In short, Brewer's argument is full of shit. So pitifully shit-full, in fact, that any reporter who conveys it to readers without noting how totally erroneous it is, is actively helping Brewer mislead the public.

The legislature was able to summon the political will to find a few hundred million over the next 6 years for corporate tax breaks in a special session, even though that "money's not there". Now they have to summon the will to find the money to obey the voters mandate to fund AHCCCS for people in poverty.

Luckily, we don't have to rely entirely on our Governor's and legislators' better angels to do right by Arizona's poorest (that would indeed be folly); Prop 200 anticipated that the powers that be might balk at properly funding AHCCCS and provides relief through the courts:

"An eligible person or a prospective eligible person may bring an action in the superior court against the director of the health care cost containment system adminstration and this state to enforce this section and section 36-2901.02. The court has jurisdiction to enforce this section and section 36-2901.02 and any rule adopted pursuant to these sections and may apply appropriate civil sanctions and equitable remedies."

That means that anyone whom Brewer and her GOP legislature try to kick off AHCCCS, or try to deny coverage though they meet the eligibility requirements, has the right to sue the state, and the court can force the legislature to find the money. That will be a truly interesting fight to watch.
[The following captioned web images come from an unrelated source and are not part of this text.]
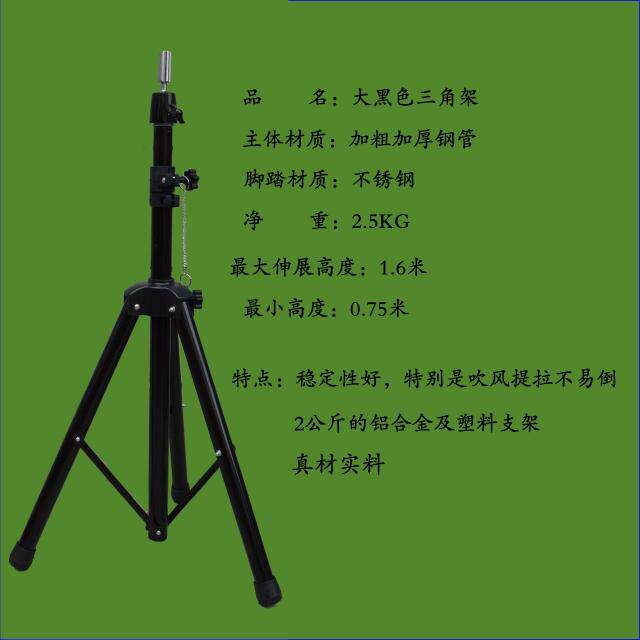 Accessoires pour perruques - Ref 229070 Image 12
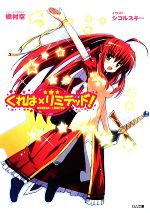 ֥å ŷԾŹ㤨֡š ϡߥߥƥåɡ(1 GAʸˡ¼ۡפβǤʤ79ߤˤʤޤ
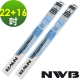 日本NWB AQUA/硬骨雨刷 22+16吋 product thumbnail 1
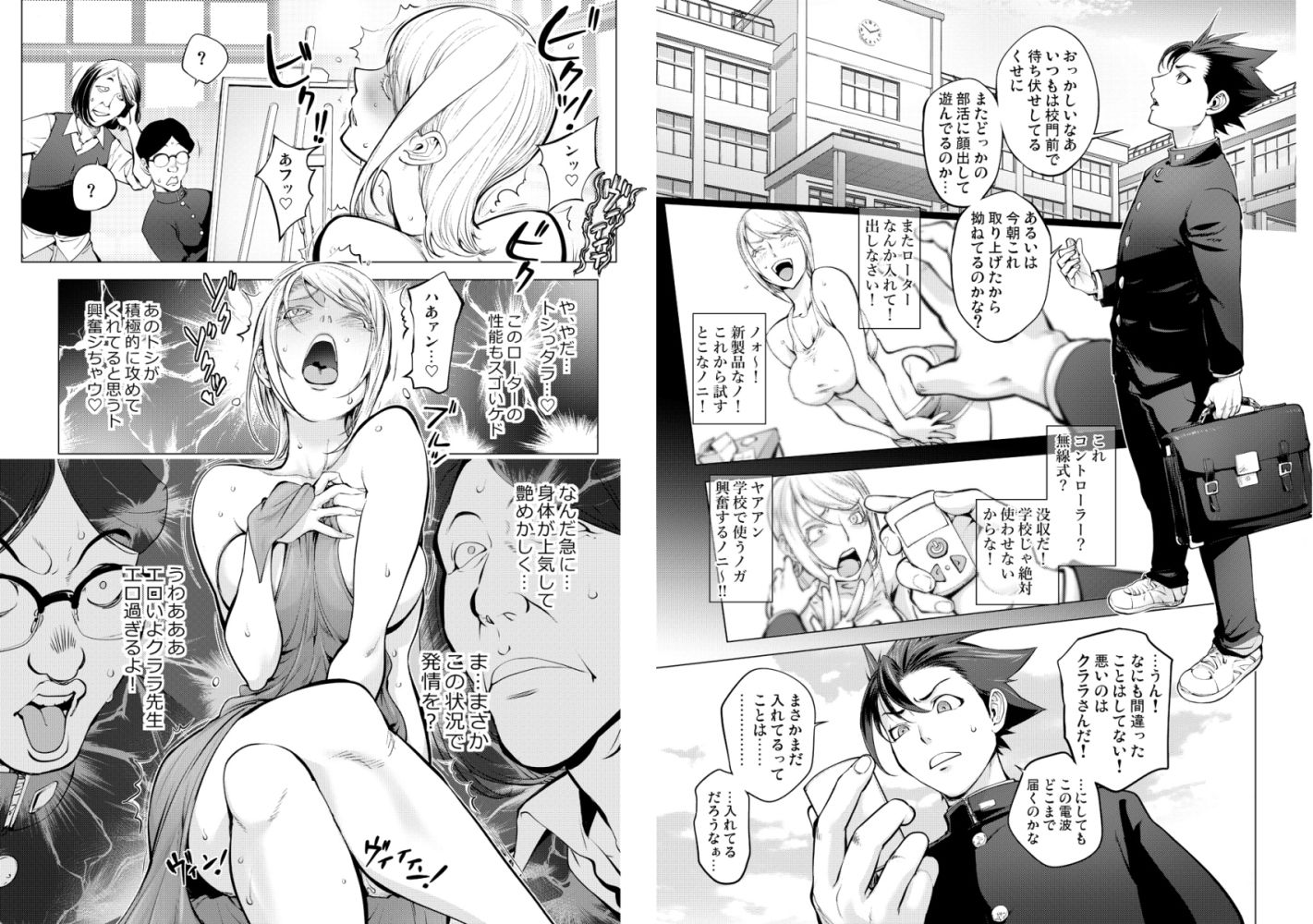 クララ先生の美術教室 サンプル2ページ目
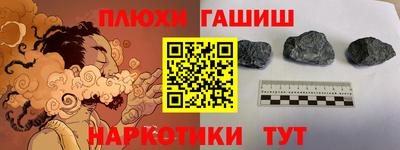 сатива Изобильный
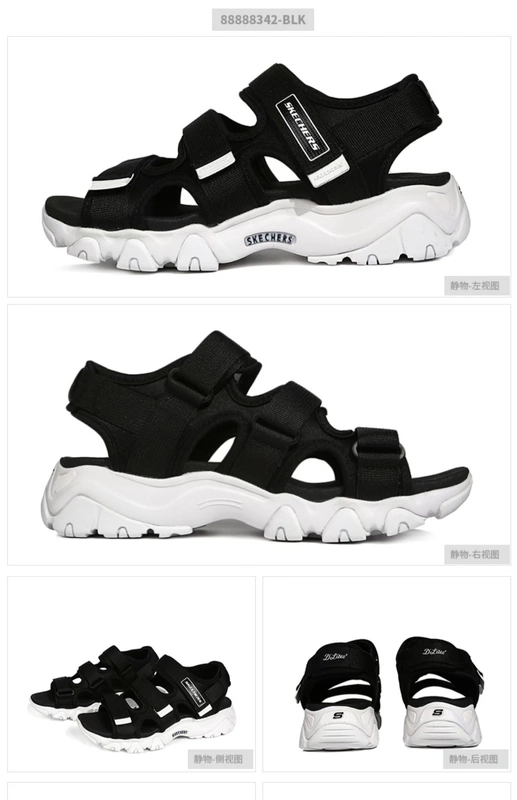 Giày Skechers Giày nữ Skechers 2019 Giày mùa hè dày Panda Giày Velcro Sandals Beach 8888842 - Giày thể thao / sandles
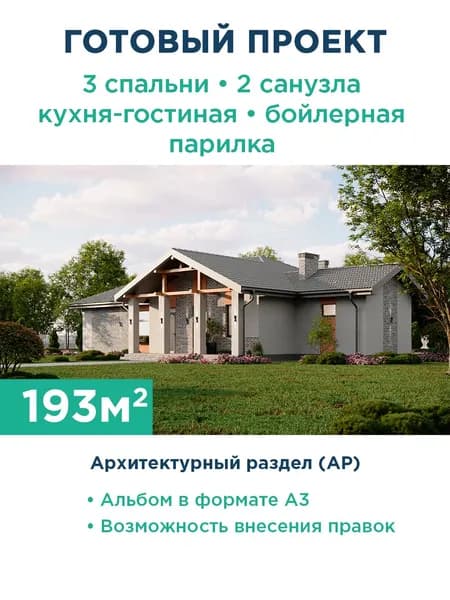 Проект одноэтажного дома 431-193-1 с террасой и комбинированным фасадом с декоративной штукатуркой и планкеном 431-193-1 АР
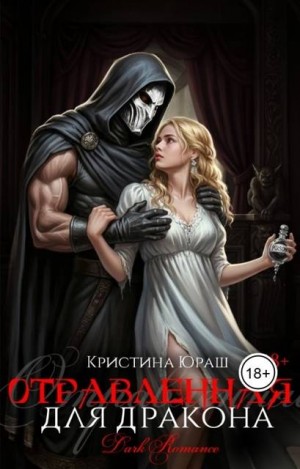 Юраш Кристина - Отравленная для дракона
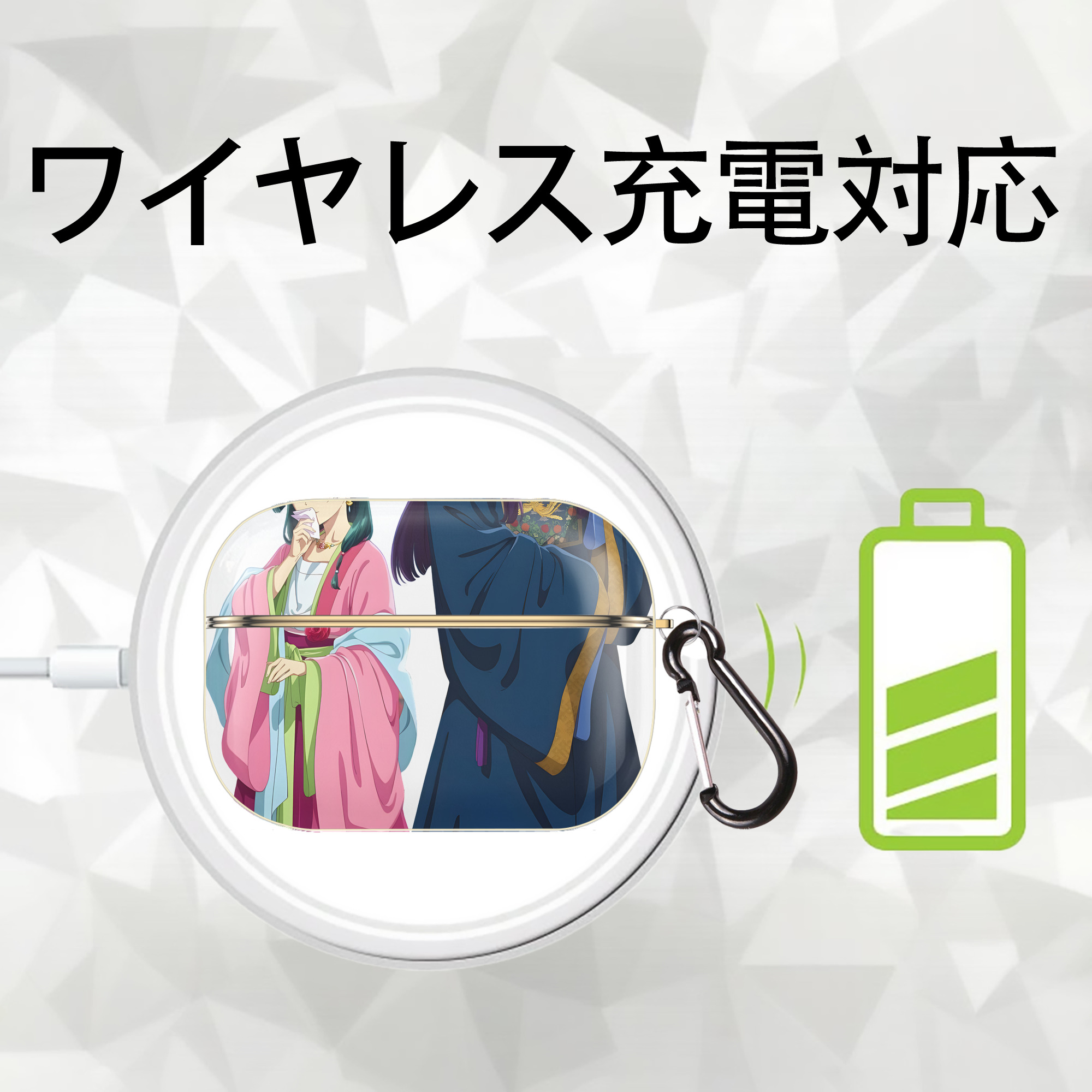 薬屋のひとりごと The Apothecary Diaries 【AirPods Pro用】ハードシェル保護ケース｜耐衝撃・防指紋・カラビナ付き商品仕様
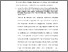 [thumbnail of BAB 2.pdf]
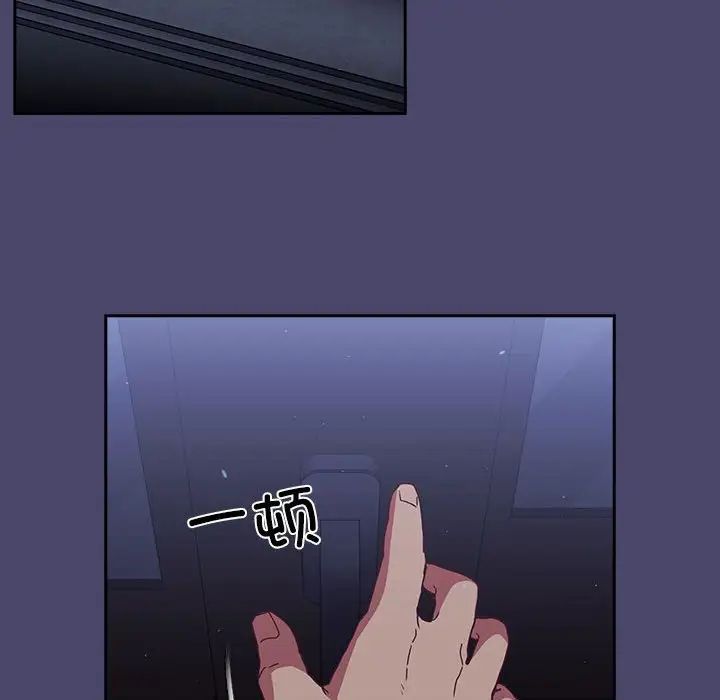 不請自來的未婚妻第74話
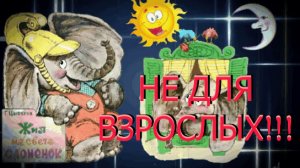 ✔ НЕ ДЛЯ ВЗРОСЛЫХ!!!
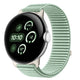 summer Green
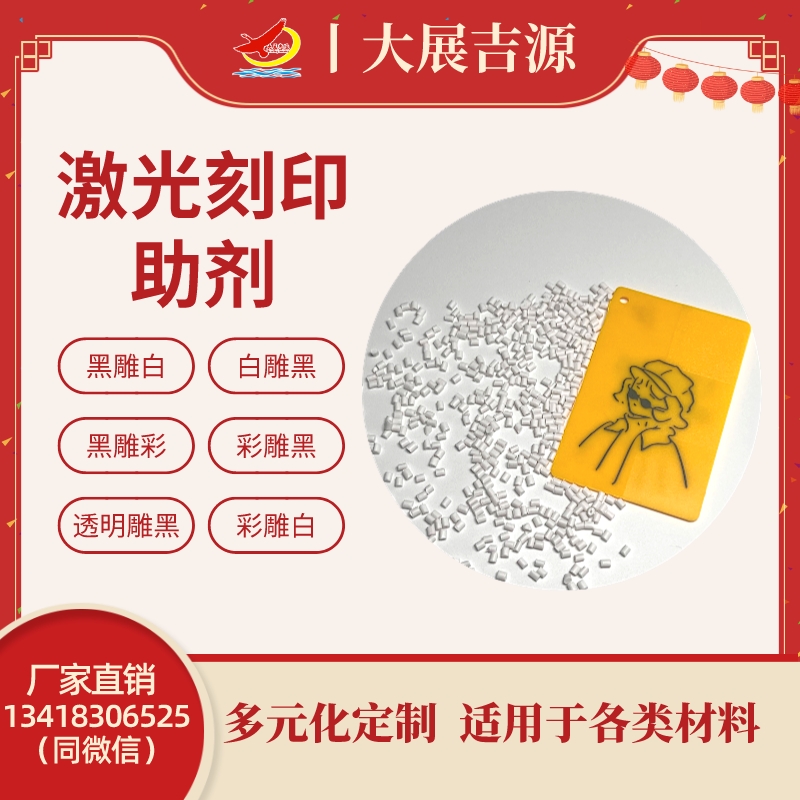 彩色黑色POM镭雕粉|打标粉颗粒厂家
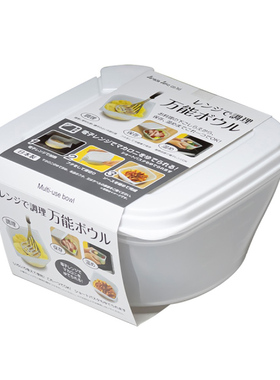 日本进口SANADA家用泡面碗塑料带盖沥水学生宿舍微波炉加热专用碗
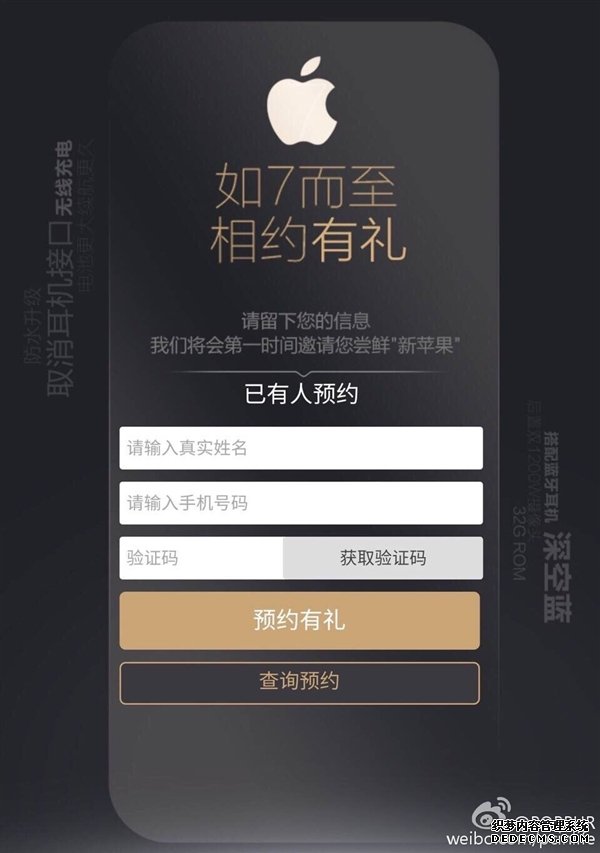 功能基本全曝光：电信iPhone 7接收预约 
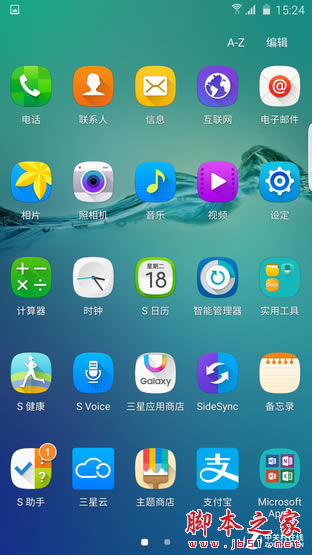Galaxy S6 edge+uy 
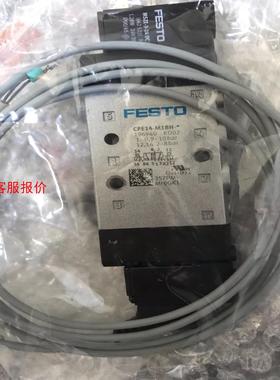 费斯托 电磁阀196940 CPE14-M1BH-*，全新正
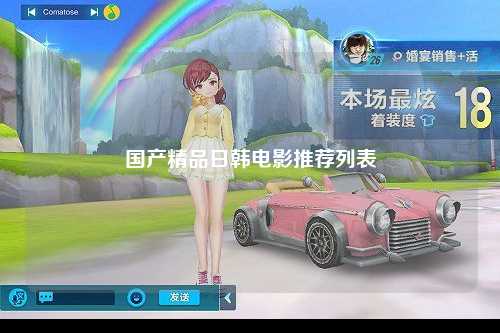国产精品日韩电影推荐列表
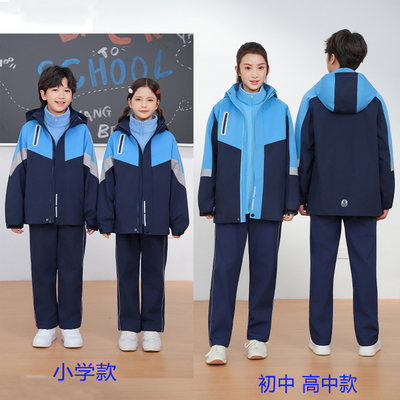 江西南昌市新款统一校服小学初中高中休闲运动装男女儿童冲锋衣冬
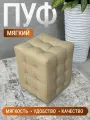 Пуфик Модерн 2 мини, BUDUNOV GROUP, КЗ Сфинкс бежевый, пуф в прихожую, пуф мягкий, банкетка в прихожую, 30х30х40 см.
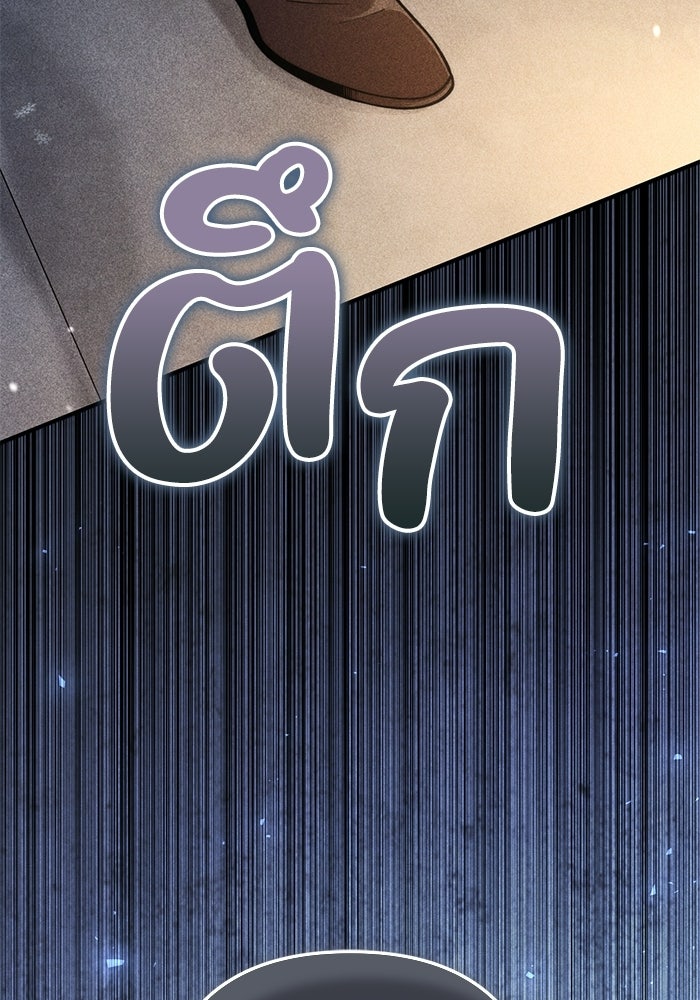 ชีวิตที่สองของจอมเวทคลาส 10 - หน้า 13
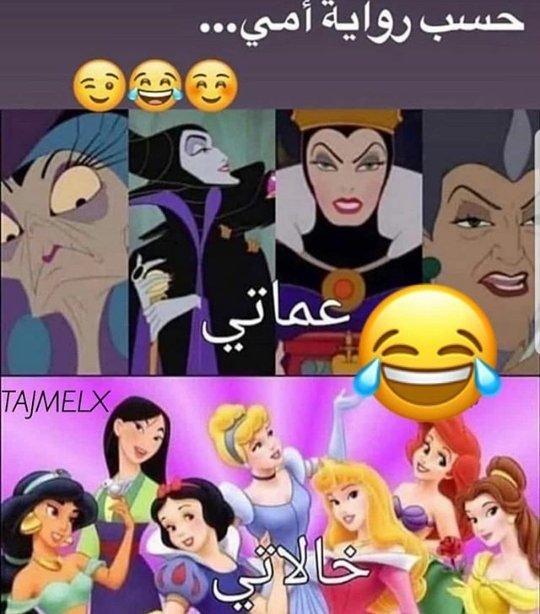 Rsh777777's tweet photo. #بشرنا_بشي_حلو
هههههههههههههههههههههههههههههههههههههههه https://t.co/C2hjVlngc5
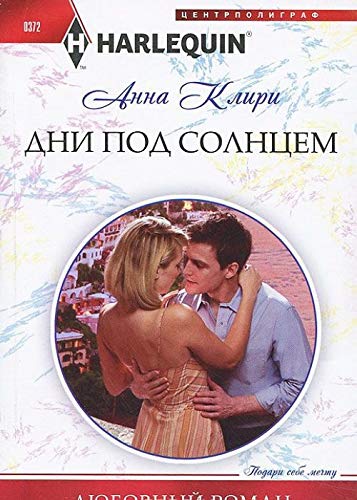 Дни под солнцем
Given that the Arizona's GOP seems to think that it can ignore federal laws it doesn't like, control federal agents in Arizona, and rewrite the Federal Constitution (at least the 14th Amendment) to suit their own prejudices, it may also think that it can get away with ignoring our own courts. I guess we'll see about that soon enough, because that is the only way that Brewer and Arizona's GOP class warriors are going to succeed at screwing the poor out of their AHCCCS coverage.